How is IELTS Scored?

Each of the four subtests of the IELTS test (Listening, Reading Writing and Speaking) is scored separately and converted into band scores from  0–9, with 9 being the highest score. Half scores (for example, 4.5/5.5/6.5) are possible. The four individual scores are added and converted into an overall test score, again from 0–9, IELTS determine all, final calculations. 

Assessment of the four, individual IELTS subtests 

Listening – There are 40 questions, so your score is out of a possible 40. This score is then converted to a band score between 0 and 9.

Reading – As for Listening, there are 40 questions, and your score out of 40 is converted into a band score between 0 and 9.

Writing – There are two writing tasks (Task 1 and Task 2), and each task is scored from 0 to 9 on four assessment criteria, by a trained, IELTS assessor.
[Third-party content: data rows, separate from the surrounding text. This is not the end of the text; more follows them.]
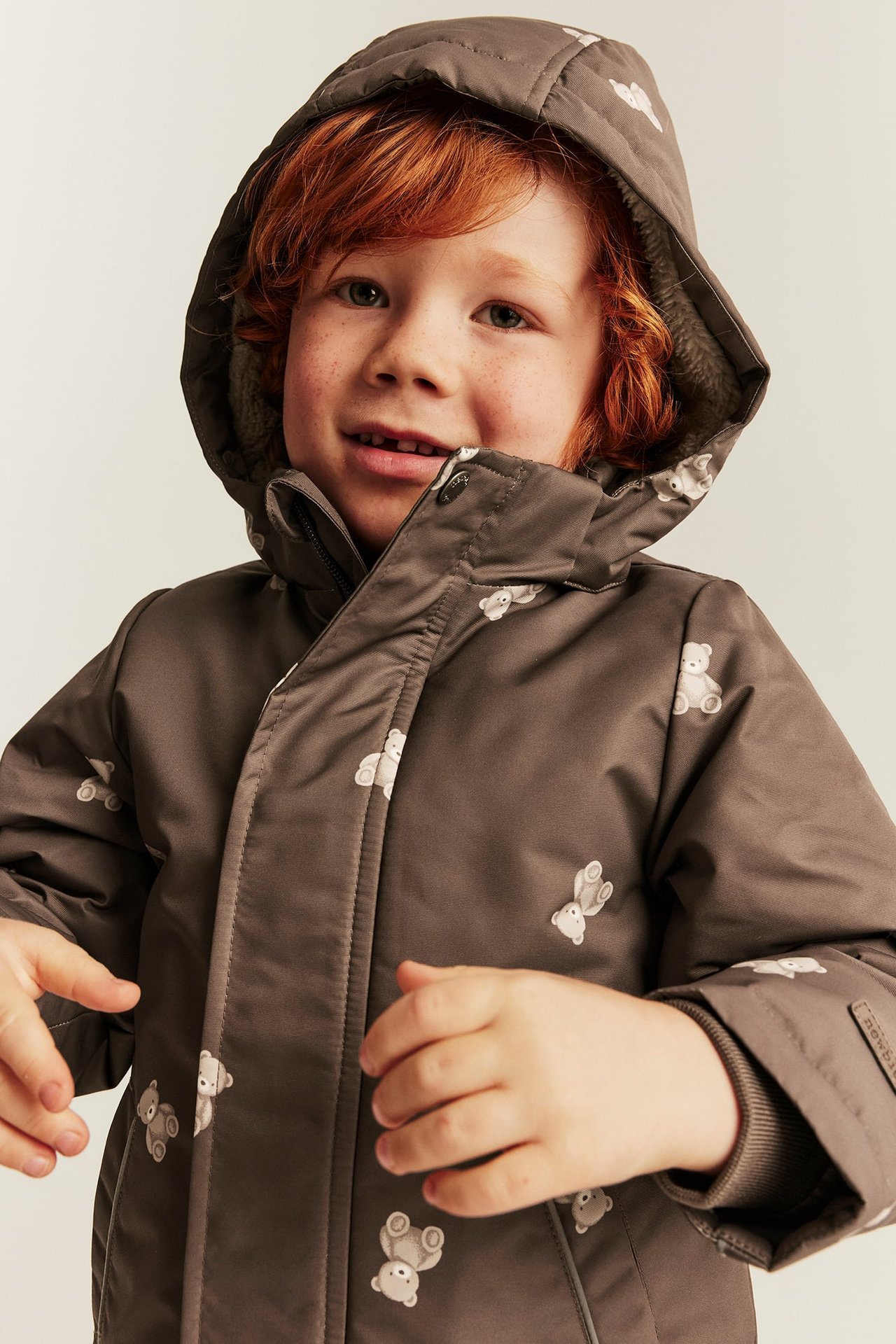 Nahaufnahme, Vorderansicht eines Kindes in brauner Kapuzenjacke mit weißem Teddybärmuster und Reißverschluss.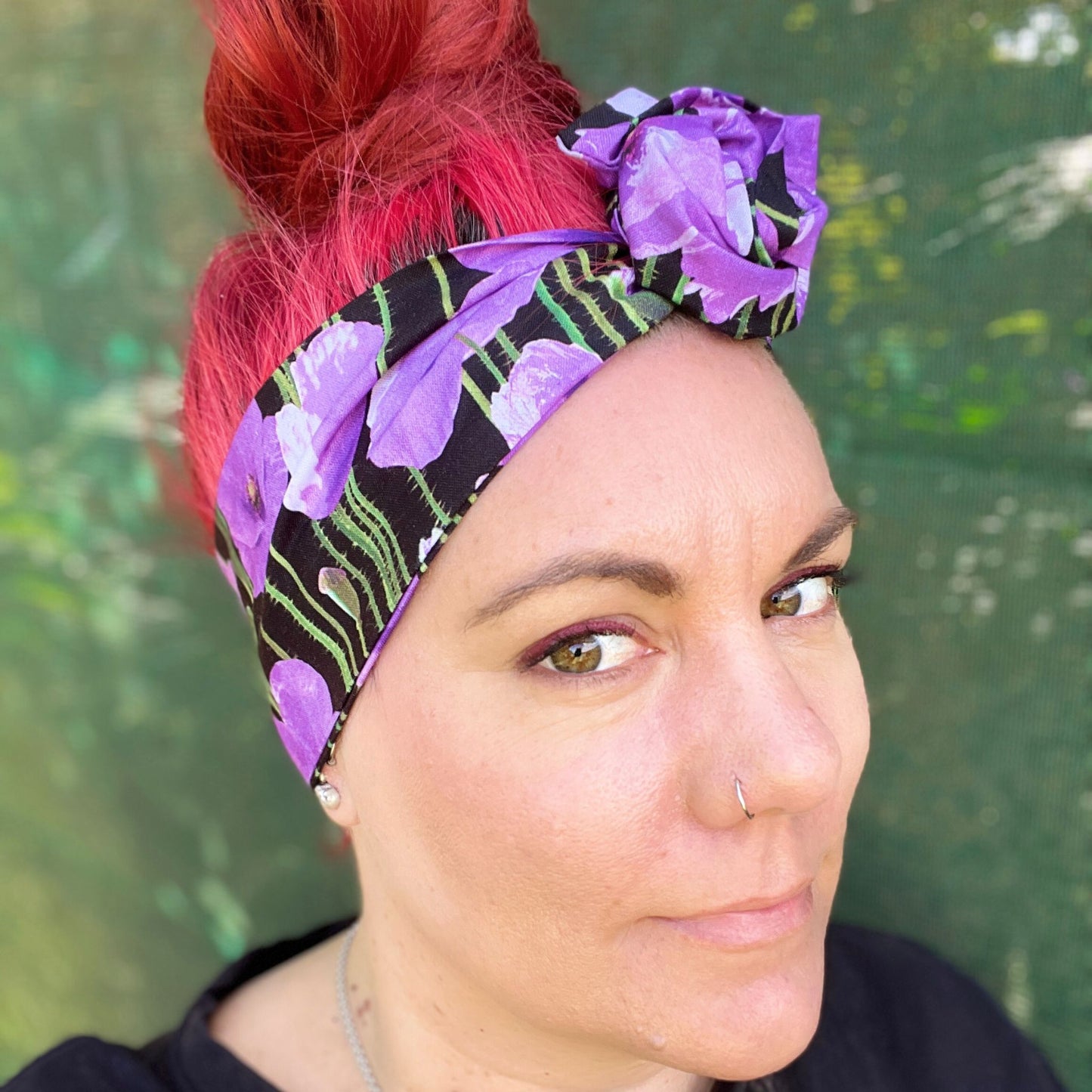 showcasing a wire headwrap adorned with bold purple poppies against a black background. The headwrap is tied in a charming knot atop her head, lending a playful and stylish look. The vivid purple of the flowers stands out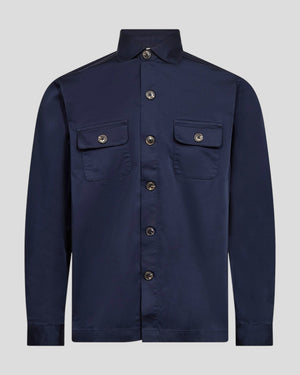 Navy Bruun & Stengade Rocco regular fit overshirt made of durable fabric, displayed on a hanger with button closure and chest pockets.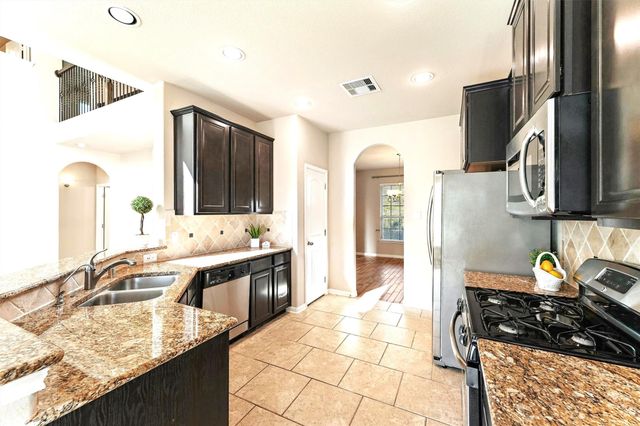 91 W Wading Pond Circle, The Woodlands, TX 77375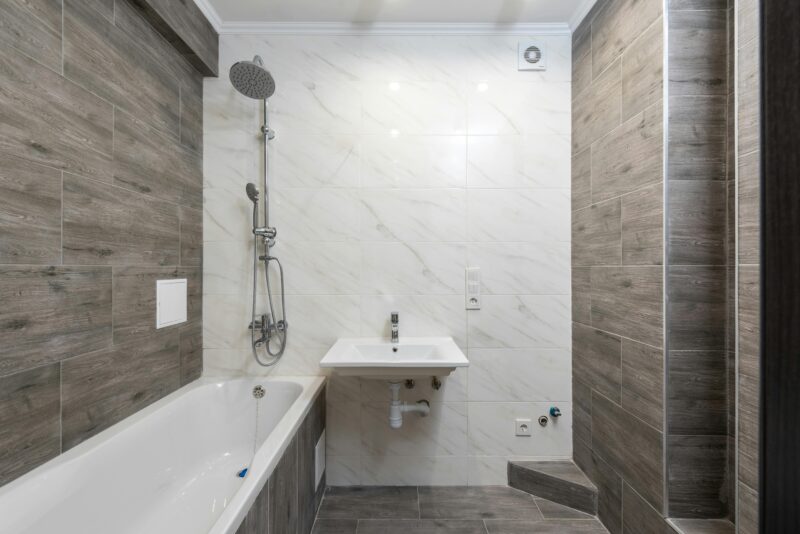Elegant modern bathroom interior with wooden details and sleek design.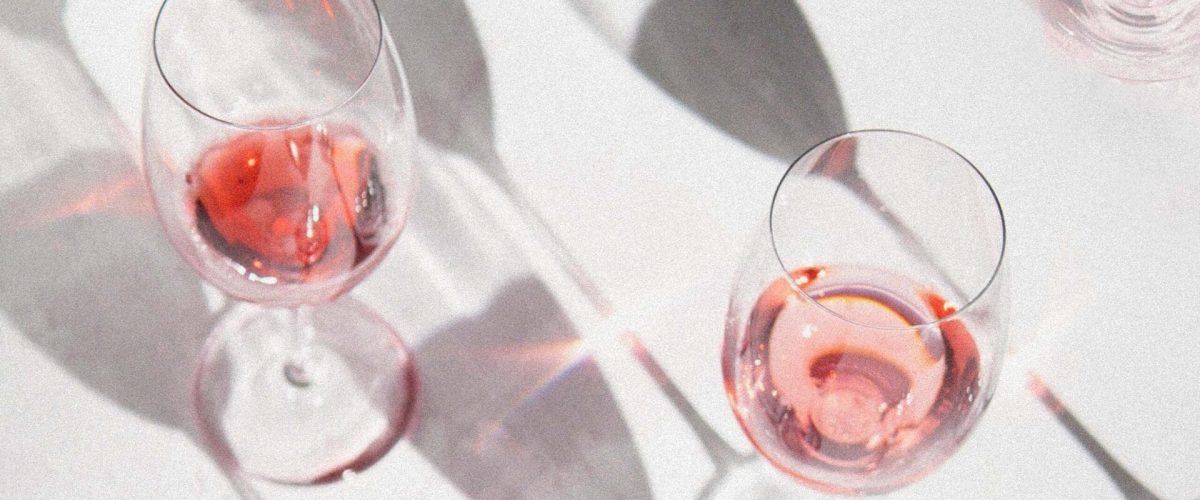 A day at the wineries in Langley BC. It is a white back ground with tall wine glasses filled with rose.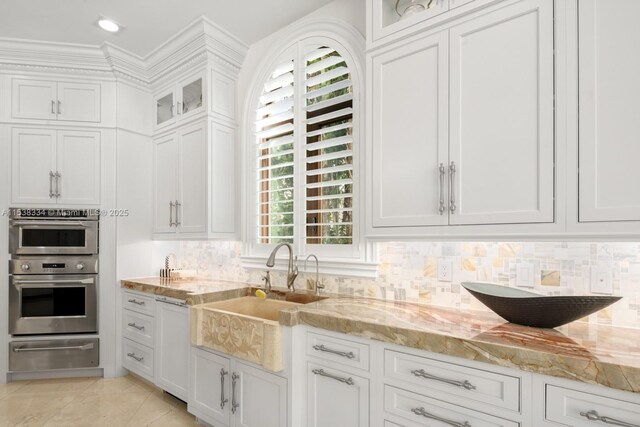 kitchen featuring a warming drawer, tasteful backsplash, double oven, a sink, and light stone countertops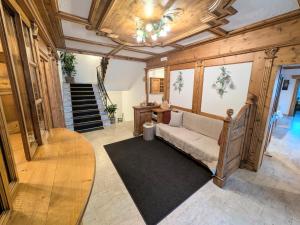 a living room with a couch and a staircase at Pension Atlantic in Badia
The two sets of four individual scores are converted into an overall score between 0 and 9 by computer.

The four assessment criteria for Writing Task 1 are; 

• Task Achievement (To what extent have you done what the task asked you to do?)

• Coherence/Cohesion (Is your answer well-organised, systematic, are sentences linked well and easy to follow?)

• Lexical Resource (Is your use of vocabulary appropriate, varied and accurate?)

• Grammatical Range/Accuracy (Are sentences complex as well as simple, and accurate?)
 

The four assessment criteria for Writing Task 2 are; 

• Task Response (Is your point of view clear, well-developed and relevant to what the question asks?)

• Coherence/Cohesion (Is your answer well-organised, systematic, are sentences linked well and easy to follow?)

• Lexical Resource (Is your use of vocabulary appropriate, varied and accurate?)

• Grammatical Range/Accuracy (Are sentences both simple and complex, and accurate?)


Speaking – Your interview performance is rated by a trained assessor using four assessment criteria. These individual scores are then converted by computer into an overall Speaking score between 0 and 9.


The four, assessment criteria for the Speaking test are:

• Fluency/Coherence (Do you speak fluently? Is content of your answers easy to follow in terms of ideas and relevance?)

• Vocabulary (Is your use of vocabulary flexible, varied, appropriate?)

• Grammatical Range/Accuracy (Do you speak using accurate and varied grammar?)

• Pronunciation (Is your pronunciation easy to follow, with good stress, rhythm, intonation, chunking?)

Test Report Form

Your four scores for each part of the test and your final overall IELTS score are printed on your Test Report Form, which is usually available 2 weeks after your test date.

 

What if I think my IELTS score is not accurate?

You can pay a fee and ask IELTS to re-assess your subtests, but this does not guarantee a better score. For details of this process, visit the official IELTS website (www.ielts.org) 
 

What score do I need to achieve?

Universities, colleges, schools, professional bodies and government departments decide on the specific scores required, according to their own judgments of the language demands involved. You should check the details of any IELTS requirements you are being asked to achieve?